Default models run without `--include-slow`.
Add `--models deberta-small deberta-small-2pass` to test a specific subset.
## Config Files
- `config/label_tool.yaml` — gitignored; multi-account IMAP config
- `config/label_tool.yaml.example` — committed template
## Data Files
- `data/email_score.jsonl` — gitignored; manually-labeled ground truth
- `data/email_score.jsonl.example` — committed sample for CI
- `data/email_label_queue.jsonl` — gitignored; IMAP fetch queue
## Key Design Notes
- `ZeroShotAdapter.load()` instantiates the pipeline object; `classify()` calls the object.
Tests patch `scripts.classifier_adapters.pipeline` (the module-level factory) with a
two-level mock: `mock_factory.return_value = MagicMock(return_value={...})`.
- `two_pass=True` on ZeroShotAdapter: first pass ranks all 6 labels; second pass re-runs
with only top-2, forcing a binary choice. 2× cost, better confidence.
- `--compare` uses the first account in `label_tool.yaml` for live IMAP emails.
- DB export labels are llama3.1:8b-generated — treat as noisy, not gold truth.
## Vue Label UI (app/api.py + web/)
FastAPI on port 8503 serves both the REST API and the built Vue SPA (`web/dist/`).
```
./manage.sh start-api # build Vue SPA + start FastAPI (binds 0.0.0.0:8503 — LAN accessible)
./manage.sh stop-api
./manage.sh open-api # xdg-open http://localhost:8503
```
Logs: `log/api.log`
## Email Field Schema — IMPORTANT
Two schemas exist. The normalization layer in `app/api.py` bridges them automatically.

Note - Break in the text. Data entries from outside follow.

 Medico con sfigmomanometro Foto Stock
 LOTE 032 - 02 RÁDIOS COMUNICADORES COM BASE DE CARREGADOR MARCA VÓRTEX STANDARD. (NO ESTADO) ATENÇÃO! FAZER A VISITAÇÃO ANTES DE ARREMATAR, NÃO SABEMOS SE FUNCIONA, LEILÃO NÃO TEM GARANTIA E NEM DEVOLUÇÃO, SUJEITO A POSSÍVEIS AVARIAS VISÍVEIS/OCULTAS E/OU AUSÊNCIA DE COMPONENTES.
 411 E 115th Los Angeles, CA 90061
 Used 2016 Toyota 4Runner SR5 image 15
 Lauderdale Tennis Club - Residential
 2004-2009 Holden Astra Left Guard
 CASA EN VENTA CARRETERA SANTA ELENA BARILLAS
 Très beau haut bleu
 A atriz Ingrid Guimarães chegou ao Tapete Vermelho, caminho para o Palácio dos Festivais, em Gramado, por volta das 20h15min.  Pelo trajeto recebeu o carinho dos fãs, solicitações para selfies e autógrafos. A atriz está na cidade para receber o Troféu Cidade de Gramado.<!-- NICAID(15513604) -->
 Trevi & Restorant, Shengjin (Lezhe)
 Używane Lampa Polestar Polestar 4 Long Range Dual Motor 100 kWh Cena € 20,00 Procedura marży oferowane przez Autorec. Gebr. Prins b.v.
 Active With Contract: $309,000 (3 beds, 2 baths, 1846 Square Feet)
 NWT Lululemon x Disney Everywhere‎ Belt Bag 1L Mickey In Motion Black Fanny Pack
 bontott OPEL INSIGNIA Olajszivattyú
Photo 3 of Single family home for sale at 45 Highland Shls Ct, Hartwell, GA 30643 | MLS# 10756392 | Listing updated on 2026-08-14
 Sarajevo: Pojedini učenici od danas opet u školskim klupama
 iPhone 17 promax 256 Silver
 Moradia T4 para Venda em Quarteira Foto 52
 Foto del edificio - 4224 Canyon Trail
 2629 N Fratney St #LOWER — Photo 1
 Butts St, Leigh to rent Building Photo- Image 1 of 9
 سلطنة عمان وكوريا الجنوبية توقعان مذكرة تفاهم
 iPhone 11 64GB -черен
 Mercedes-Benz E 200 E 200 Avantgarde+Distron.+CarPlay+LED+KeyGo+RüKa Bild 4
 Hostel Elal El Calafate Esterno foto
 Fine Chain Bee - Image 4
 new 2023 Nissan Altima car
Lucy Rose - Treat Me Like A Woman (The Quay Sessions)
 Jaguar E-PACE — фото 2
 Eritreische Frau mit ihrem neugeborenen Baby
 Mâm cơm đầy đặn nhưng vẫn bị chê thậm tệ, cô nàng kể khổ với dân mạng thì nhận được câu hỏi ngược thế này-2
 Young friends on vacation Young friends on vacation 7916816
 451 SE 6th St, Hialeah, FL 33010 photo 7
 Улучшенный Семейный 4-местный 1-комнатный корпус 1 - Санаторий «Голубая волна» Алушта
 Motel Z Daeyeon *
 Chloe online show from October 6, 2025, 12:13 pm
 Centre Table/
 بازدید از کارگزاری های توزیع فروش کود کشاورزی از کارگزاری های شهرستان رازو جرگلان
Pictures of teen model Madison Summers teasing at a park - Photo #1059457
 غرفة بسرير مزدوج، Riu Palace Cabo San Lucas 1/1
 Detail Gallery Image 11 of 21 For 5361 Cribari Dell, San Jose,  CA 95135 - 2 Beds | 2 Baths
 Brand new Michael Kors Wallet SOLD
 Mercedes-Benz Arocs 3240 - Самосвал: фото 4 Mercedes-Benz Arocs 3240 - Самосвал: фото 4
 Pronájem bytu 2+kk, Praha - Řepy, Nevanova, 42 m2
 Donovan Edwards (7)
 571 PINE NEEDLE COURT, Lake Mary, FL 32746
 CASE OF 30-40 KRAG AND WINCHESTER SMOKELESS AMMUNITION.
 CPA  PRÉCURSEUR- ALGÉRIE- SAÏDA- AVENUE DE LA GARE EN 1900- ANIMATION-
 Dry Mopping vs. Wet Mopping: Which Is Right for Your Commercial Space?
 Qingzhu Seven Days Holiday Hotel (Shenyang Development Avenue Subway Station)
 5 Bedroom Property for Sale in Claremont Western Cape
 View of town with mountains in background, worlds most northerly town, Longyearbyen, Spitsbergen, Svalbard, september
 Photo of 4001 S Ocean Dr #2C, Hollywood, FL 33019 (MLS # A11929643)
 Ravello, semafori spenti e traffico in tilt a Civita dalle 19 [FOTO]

### JSONL on-disk schema (written by `label_tool.py` and `label_tool.py`'s IMAP fetch)
| Field | Type | Notes |
|-------|------|-------|
| `subject` | str | Email subject line |
| `body` | str | Plain-text body, truncated at 800 chars; HTML stripped by `_strip_html()` |
| `from_addr` | str | Sender address string (`"Name <addr>"`) |
| `date` | str | Raw RFC 2822 date string |
| `account` | str | Display name of the IMAP account that fetched it |
| *(no `id`)* | — | Dedup key is MD5 of `(subject + body[:100])` — never stored on disk |
### Vue API schema (returned by `GET /api/queue`, required by POST endpoints)
| Field | Type | Notes |
|-------|------|-------|
| `id` | str | MD5 content hash, or stored `id` if item has one |
| `subject` | str | Unchanged |
| `body` | str | Unchanged |
| `from` | str | Mapped from `from_addr` (or `from` if already present) |
| `date` | str | Unchanged |
| `source` | str | Mapped from `account` (or `source` if already present) |
### Normalization layer (`_normalize()` in `app/api.py`)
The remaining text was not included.